The following are guidelines for bmcweb's use of DBus to construct Redfish schemas:
- Do not require (ie set 500 internal error on) an implementation present a property that wasn't in the first commit of the interface unless it can be verified that all OpenBMC implementers of the interface support that property.
- If an implementation presents a property that doesn't match the type specified by the interface at any version, it shall be reported as a 500 error.
- If the DBus interface definition has an "unknown" or "unspecified" value, detecting these will omit the property from the Redfish tree, in line with the Redfish specification.
- All DBus interfaces on all object paths are optional. An object missing an interface is never an error, and shall simply omit the relevant properties and/or actions from that Redfish Resource.

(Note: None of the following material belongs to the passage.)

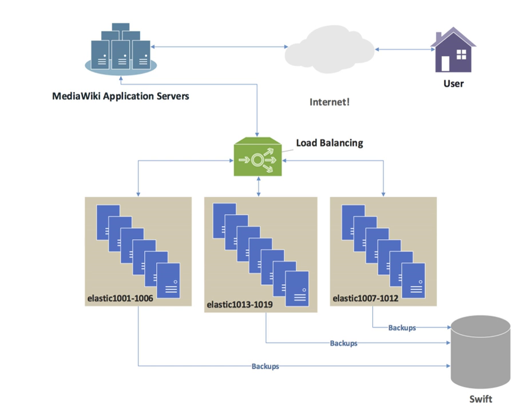Priority activation: When the number of available servers drops below a certain number, or load gets too high, standby servers can be brought online.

- bmcweb will code to the DBus interface itself. This means that daemons are expected to handle functionally bad, but DBus-correct input in their own process, and return appropriate return codes. This is done to reduce the duplication in input processing between the various user-facing daemons.
- There are interfaces for which there is an expectation that there will only ever be one producer in the project (ex bmc networking, user management). In these cases, it is desirable to call the daemon by well known name directly. Bmcweb APIs should call the mapper in cases where it's reasonably expected that multiple implementations exist (ex, CPU management, Sensors).